Senate Bill Would Allow Drug Imports from Canada

This year, the answer may be yes.

“I expect us to be able to send a bill to the president,” said Sen. Byron Dorgan, D-N.D. “We’ll see what he does with it.”

Dorgan and Sen. Olympia Snowe, R-Maine, are sponsoring a bill he said would “introduce a little price competition into the market by allowing the safe importation of FDA-approved medicines from Canada and other Western industrialized nations.”

“Things have changed around here,” Dorgan said. “We are going to get this done.”

Pressure to change the 1987 law prohibiting the importation of drugs from Canada and other countries has been growing as prescription prices have escalated here. Most brand-name prescriptions sold in Canada and other countries that regulate drug prices cost far less than in the U.S.

The ban on imported drugs allows American drug companies to “dictate the prices U.S. consumers pay,” Dorgan said.

His bill would achieve two main objectives:

 Allow drugs manufactured in the United States and sold to Canada and other Western industrialized countries to be reimported into the U.S. as long as the Food and Drug Administration approves the “chain of custody”.

 Allow drugs manufactured and packaged in Canada and other approved countries to be imported directly to U.S. consumers if the manufacturing and shipping facilities are FDA-approved.

It is unclear whether Bush would veto the bill. The president has not commented on the current legislation, but the White House issued a policy statement in 2003 that said the administration “strongly” opposed a similar bill.

That statement called the measure “dangerous legislation” and warned it would “expose Americans to greater potential risk of harm from unsafe or ineffective drugs, would be extremely costly to implement, and would overwhelm (the FDA’s) already heavily burdened regulatory system.

A Dorgan spokesman said he questioned whether Bush would veto the currently bill because Bush said during the 2004 presidential debates that he would support drug reimportation from Canada if he was convinced it was safe.

The spokesman would not predict whether there would be enough votes in both chambers of Congress to override a veto. A two-third vote would be needed in both the House and Senate to override a veto.

But the bill does have strong bipartisan support.

When an FDA official testified last week before Dorgan’s interstate commerce, trade and tourism subcommittee, some of the sharpest comments about the FDA’s position came from the panel’s Republican members.

“We’re hearing … bureaucratic intransigence about coming up with a way in which to allow this to happen,” Snowe chided Randall Lutter, the FDA’s acting deputy commissioner for policy. “Why isn’t there the can-do spirit where it’s a can’t-do spirit?”

Sen.
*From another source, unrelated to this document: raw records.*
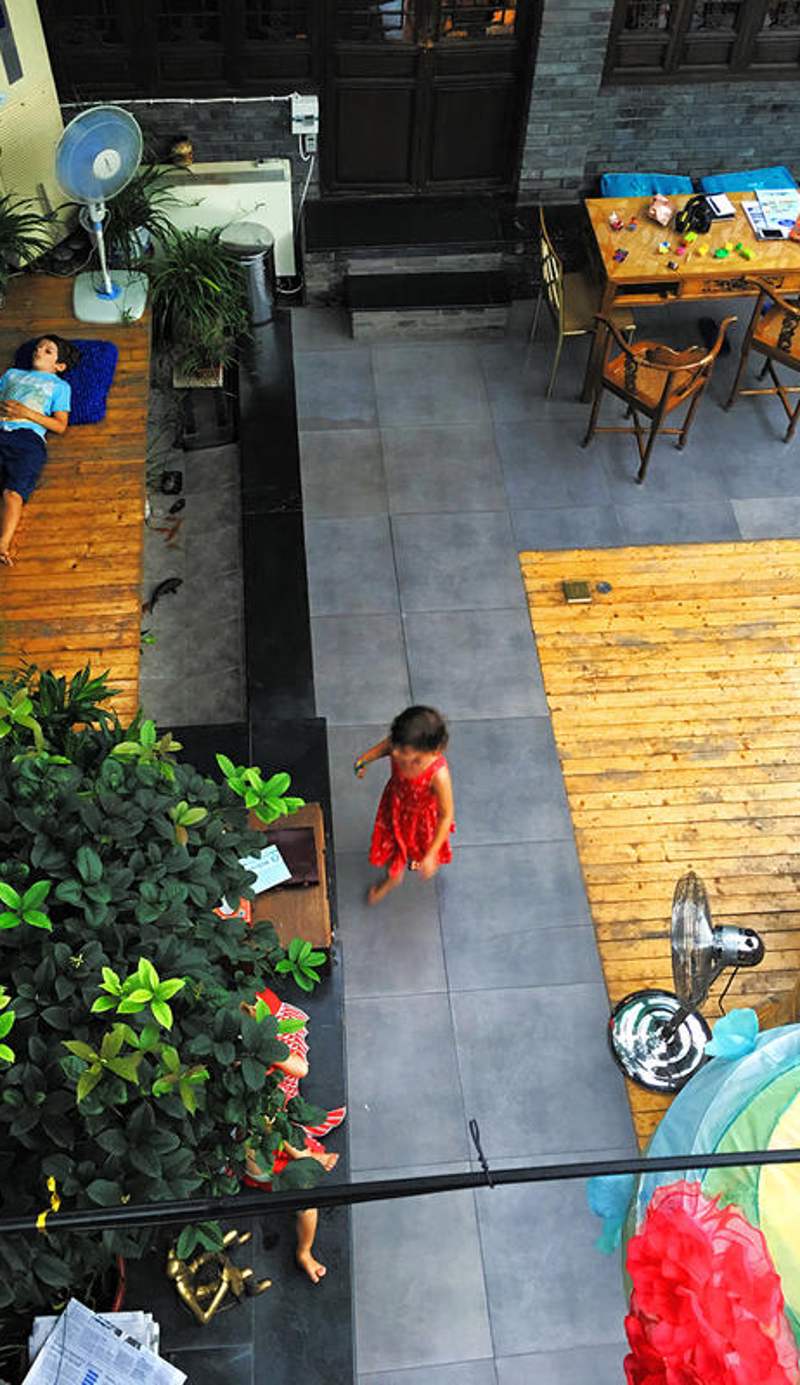Kelly's Courtyard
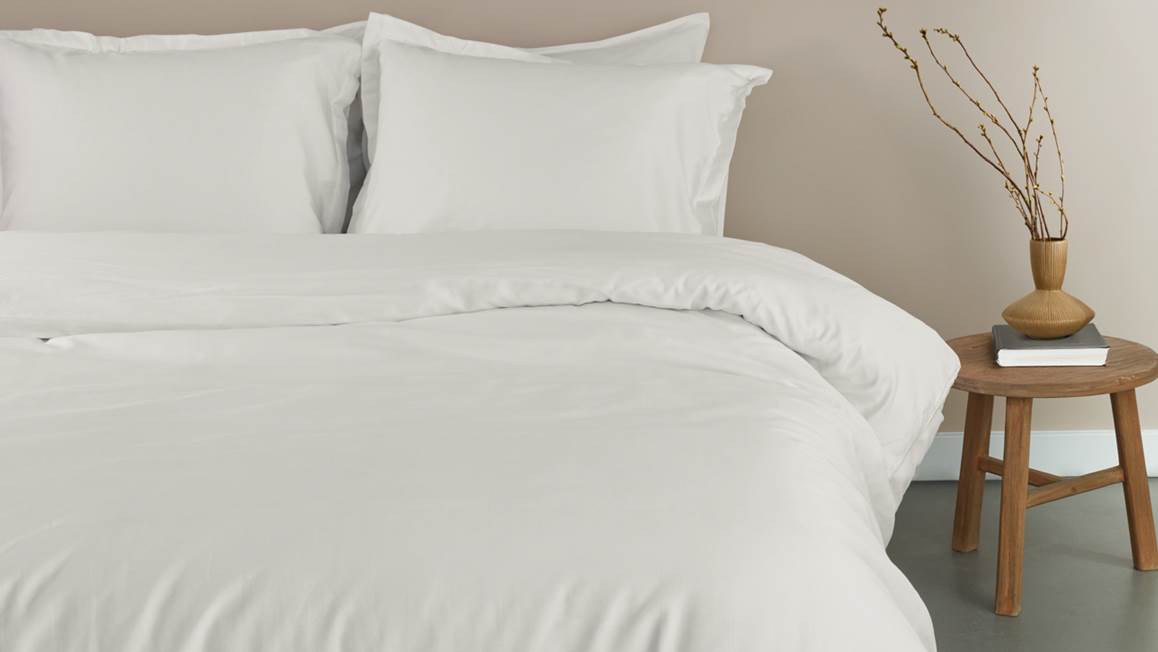 Snoozing Satin Uni dekbedovertrek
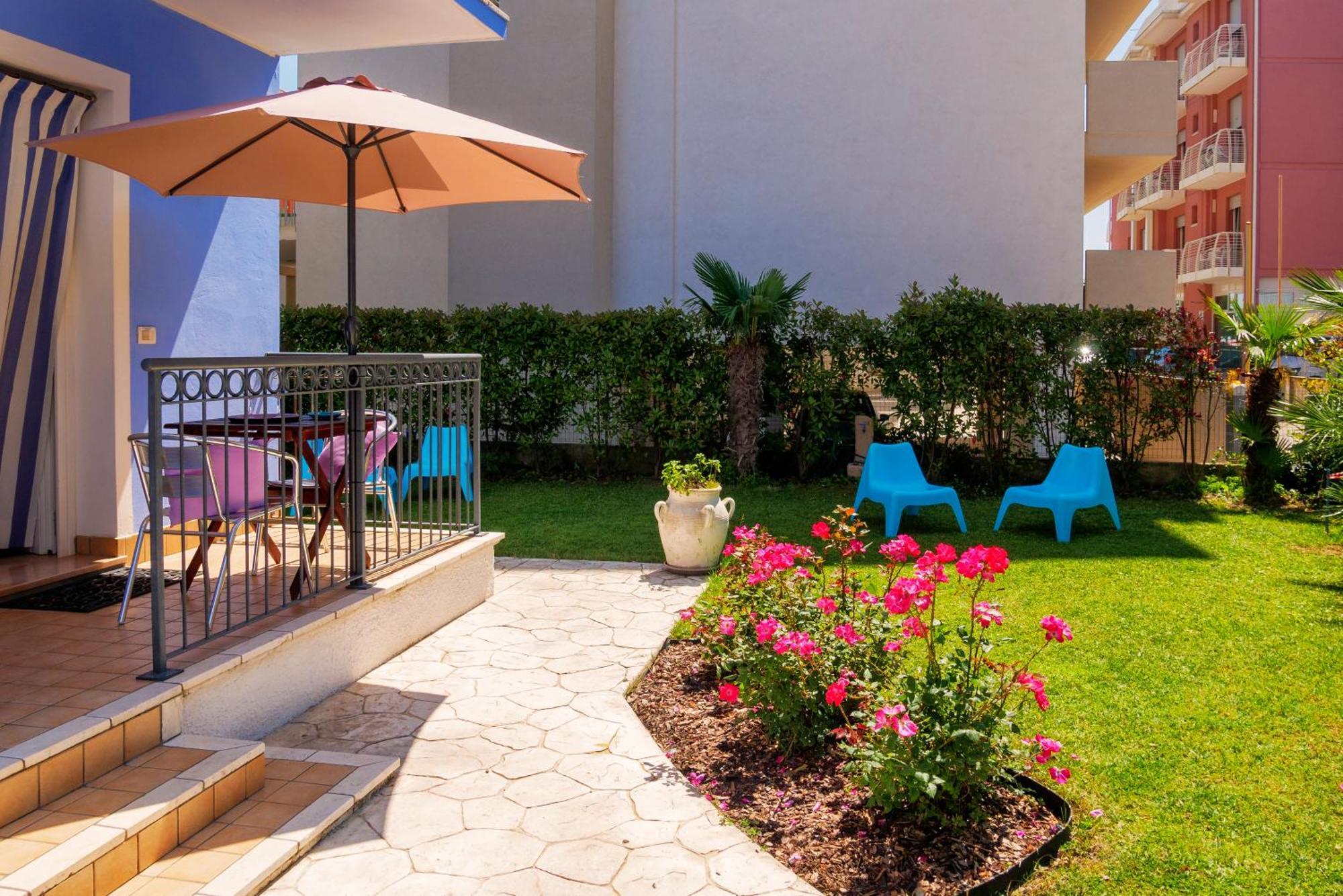 Residence Amarein Caorle Esterno foto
Jim DeMint, R-S.C., noted the FDA already inspects and regulates the food supply coming into the U.S. from foreign countries and said it was inconsistent for the agency to say it could not inspect the prescription drug supply.

Lutter cited a 2004 government task force report warning that allowing drugs to be imported would open the floodgates to counterfeit drugs manufactured or packaged without FDA inspection and approval.

But Dorgan called the task force’s report “a joke” because the panel was filled with Bush administration members who were on record opposing reimportation.

William Schultz, an attorney who served in the same role as Lutter during the Clinton administration, said American consumers are already purchasing drugs from Canada and other foreign sources with no way of telling which suppliers are safe.

Bill Tauzin, a former Louisiana congressman who is now the chief executive officer for the Pharmaceutical Research and Manufacturers of America trade group, warned that European countries that allow the movement of prescription drugs from one country to another have seen a recent surge in counterfeit drugs, mostly from China.

Tauzin, a Republic, argued that the reimportation bill is not needed because the Medicare Part D prescription drug benefit has lowered the price paid by beneficiaries to less than they would pay for Canadian and other foreign drugs.

But Snowe noted that many Medicare beneficiaries are forced to pay full price for their drugs when they hit the “doughnut hole” – the gap in which Part D plans do not cover drug costs.